(Exercise input)
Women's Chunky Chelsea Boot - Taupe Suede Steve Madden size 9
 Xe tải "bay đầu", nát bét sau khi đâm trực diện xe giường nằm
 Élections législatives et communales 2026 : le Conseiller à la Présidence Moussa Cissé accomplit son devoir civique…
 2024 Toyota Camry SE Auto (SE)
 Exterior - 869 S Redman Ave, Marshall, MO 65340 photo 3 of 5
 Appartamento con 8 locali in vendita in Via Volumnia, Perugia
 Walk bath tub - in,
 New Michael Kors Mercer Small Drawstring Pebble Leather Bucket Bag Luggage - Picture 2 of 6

(What is being asked) For this exercise, set down the entire listing above exactly as given.

(Solution to the problem)
Women's Chunky Chelsea Boot - Taupe Suede Steve Madden size 9
 Xe tải "bay đầu", nát bét sau khi đâm trực diện xe giường nằm
 Élections législatives et communales 2026 : le Conseiller à la Présidence Moussa Cissé accomplit son devoir civique…
 2024 Toyota Camry SE Auto (SE)
 Exterior - 869 S Redman Ave, Marshall, MO 65340 photo 3 of 5
 Appartamento con 8 locali in vendita in Via Volumnia, Perugia
 Walk bath tub - in,
 New Michael Kors Mercer Small Drawstring Pebble Leather Bucket Bag Luggage - Picture 2 of 6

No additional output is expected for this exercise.